I spent quite some time reducing the dimensionality of my data by sub-selecting the categorical variables based on signal to noise ratio, sub-selecting the numerical columns by thinking about how they would correlate with my dependent variable, and by doing some feature engineering.
I eventually decided to use these features in my model:
- Type - Whether loan has been downsized
- Product Par Name - Loan product category
- Name of Proj - Whether loan was processed as part of a Housing project, or if it was given directly to the customer
- Rl/ Urb - Whether customer is in a Rural or Urban location
- EMI - Easy Monthly installment, the amount which customer has to pay every month
- ROI - Represents rate of interest charged to client for the product provided
- Tenor - Represent loan repayment period
- Amt Db - Represents amount of loan disbursed to client till Nov '16
I decided to use the AdaBoost ensemble model, which I tuned using a GridSearch. The code can be found
here
I decided not to oversample my imbalanced classes and instead used sample weights in AdaBoost to incentivize my cost function to focus more on the minority class. I made this decision as I wanted to use Scikit learn's Pipeline as an estimator in a GridSearchCV, in order to tune my hyper-parameters.
Although I eventually decided not to Oversample, I did however hack the pipeline functionality to exploit its book keeping while allowing me to have a re-sampling transformer step, the code can be found here.
Classifying the 3% signal proved to be quite a challenge. The firm told me that their cost of a False Positive, aka making a call to a customer who wasn't going to default on their loan, to a False Negative, aka not making a call to a customer who was going to default on their loan, is about 1:43.
For this Cost-Benefit Matrix, I decided on the threshold which maximized my profit, as shown in the graph below:
The optimal model had a Recall of 98%. The Precision wasn't very high which indicates that the model is overfitting for the minority class, but given the Cost-Benefit matrix this is the optimal solution for the business
The firm has a number of office locations spread across a state, and they're wishing to expand. These offices, although crucial to facilitating new business, are fairly expensive and hence optimizing for their location is a top priority for management. My goal was to recommend new office locations to them which would maximize growth opportunity
I got the existing office profitability data from the firm.

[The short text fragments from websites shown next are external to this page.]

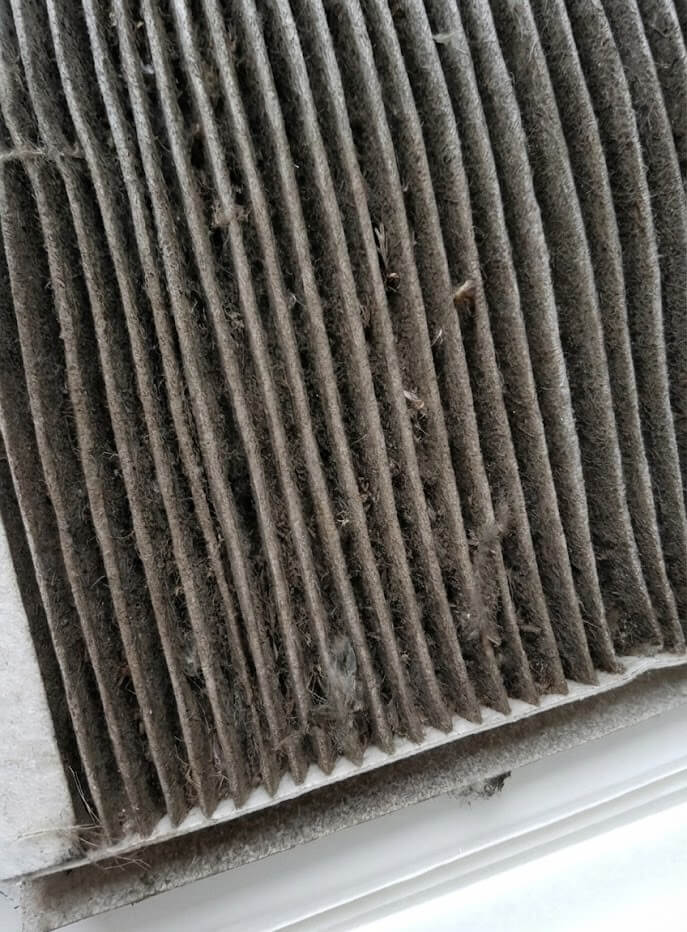 Zanieczyszczony układ optyczny projektora przed czyszczeniem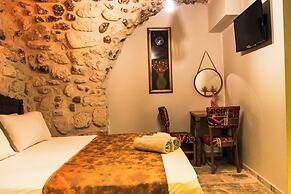 Mons Masius Hotel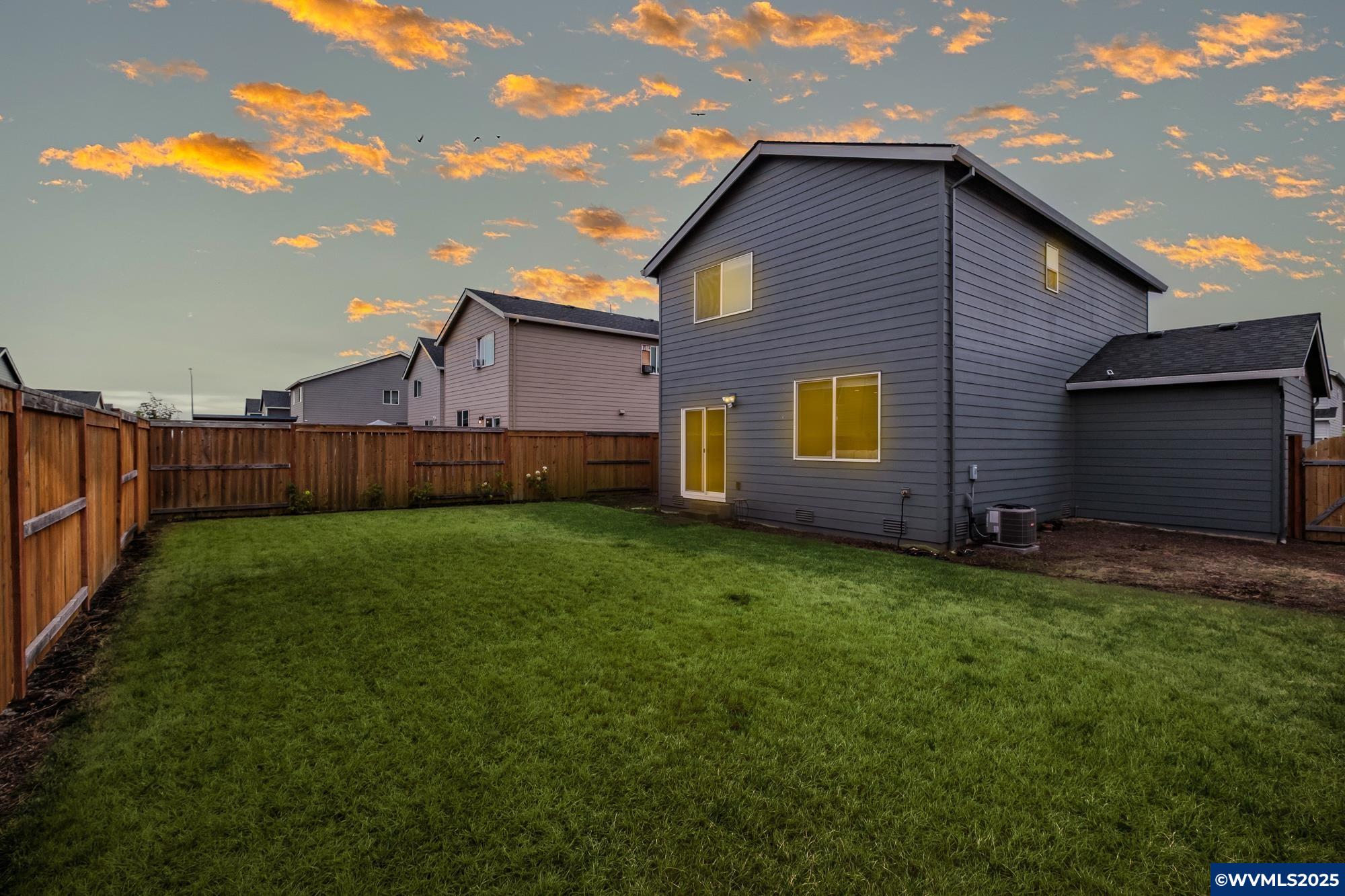 5019 Gemini Av NE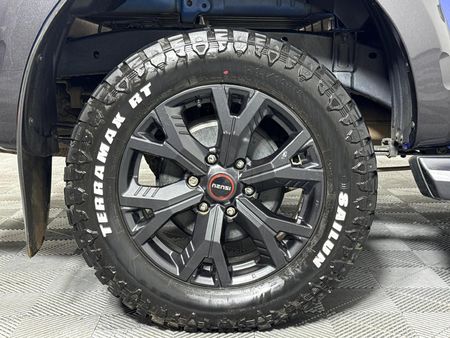 2023-Isuzu-D-Max-30-DDI-V-Cross-HR-Auto-Double-Cab_7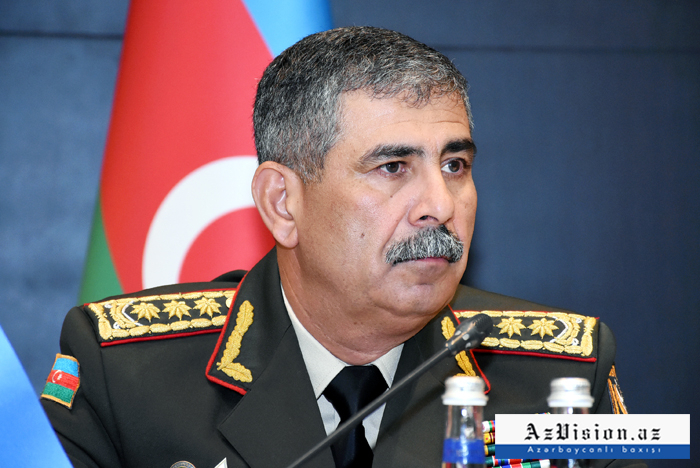  Aserbaidschanischer Verteidigungsminister trifft sich mit dem Stabschef der pakistanischen Armee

I used data from India's census from 2011 to determine the district GDP
This is a constrained optimization problem, with the objective being to find 'n' global minimas of a cost function over a Longitude-Latitude space. I defined the cost function as a linear combination of parameters as such:
I used Scipy Optimize Basin Hopping method to traverse the cost function as it gives a lot of low level control over the optimizing function, and it does multiple random jumps to make sure we don't get stuck in a local minima. The code can be found here
The cost function was really sensitive to initializations and one of the main challenges of defining it was scaling the data that I had collected from different sources
The cost function strikes a balance between clustering of office locations vs spreading them out
Here we can see the cost function is able to recommend 'n' globally optimal office locations:
The visualization code can be found here
I add the previously accepted point into my cost function calculation after each iteration of the Basin Hopping function which ensures that the recommendations as a whole represent the 'n' best locations.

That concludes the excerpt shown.